Cynical as ever, he claimed that such an uproar proved his point. ‘Those abuses had been going on quite happily for decades,’ he said. ‘No one was remotely concerned to find out what was being done with their money — it was their sacrifice, in fact. What outraged them was being told about it.’
I realised that this whole ingenious theory, whether true or false, was being used by Humphrey as a smokescreen. I decided to ask a straight question.
‘Are we or aren’t we agreed that there is no point in keeping a hospital running for the benefit of the staff?’
Humph
rey did not give a straight answer.
‘Minister,’ he admonished, ‘that is not how I would have expressed the question.’
Then he fell silent.
I pointed out that that was how I had expressed it.
‘Indeed,’ he said.
And waited.
Clearly, he had no intention of answering any straight question unless it was expressed in terms which he found wholly acceptable.

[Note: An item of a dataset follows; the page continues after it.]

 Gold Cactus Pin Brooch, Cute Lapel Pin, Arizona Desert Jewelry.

I gave in. ‘All right,’ I snapped, ‘how would you express it?’
‘At the end of the day,’ he began, ‘one of a hospital’s prime functions is patient care.’
‘One?’ I said. ‘One? What else?’
He refused to admit that I had interrupted him, and continued speaking with utter calm as if I had not said a word. ‘But, until we have the money for the nursing and medical staff, that is a function that we are not able to pursue. Perhaps in eighteen months or so…’

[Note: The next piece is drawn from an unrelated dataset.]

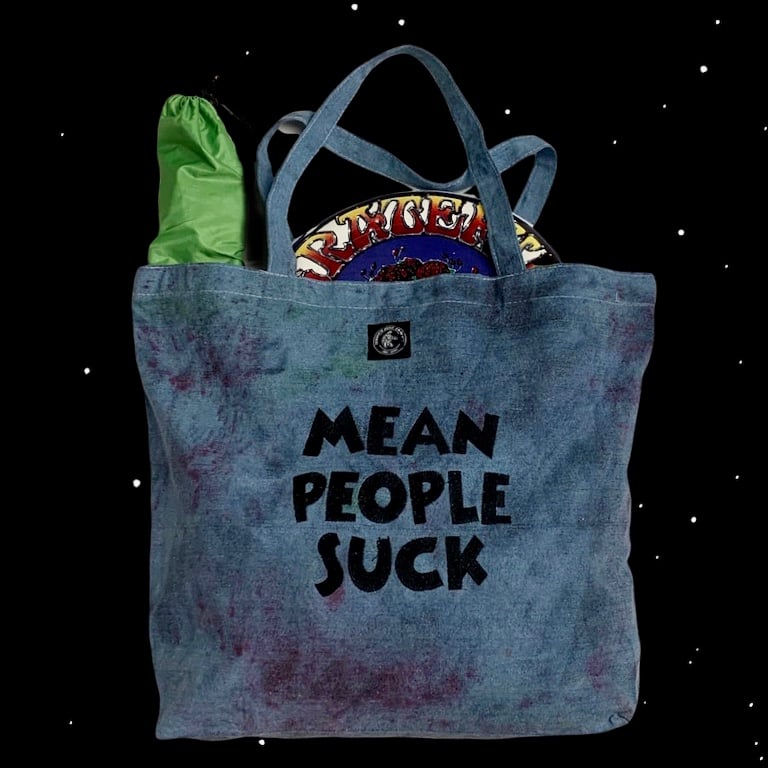 Image of 100% Hemp Embroidered “Mean People Suck” Tote Bag - Rainbow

‘Eighteen months?’ I was appalled.
‘Yes, perhaps by then we may be able to open a couple of wards,’ he said, acknowledging finally that I had spoken.
I regard this as so much stuff and nonsense. I instructed him to open some wards at once — and more than a couple.
He countered by offering to form an interdepartmental committee to examine the feasibility of monitoring a proposal for admitting patients at an earlier date.
I asked him how long that would take to report.
‘Not long, Minister.’
‘How long?’
I knew the answer before he gave it — ‘Eighteen months,’ we said in unison.
‘Terrific!’ I added sarcastically.
‘Thank you,’ he replied, charmingly unaware. It’s hopeless.
So I made a new suggestion. ‘I suggest that we get rid of everyone currently employed at the hospital and use the money to open closed wards in other hospitals.’
[As Sir Humphrey had predicted, Hacker was prepared to shut down the whole hospital — Ed.]
‘And when we can afford it,’ I added sarcastically, ‘we’ll open St Edward’s with medical staff! If you would be so kind.’
Humphrey then argued that if we closed the hospital now we would delay the opening of it with patients for years. ‘You talk,’ he said accusingly, ‘as if the staff have nothing to do, simply because there are no patients there.’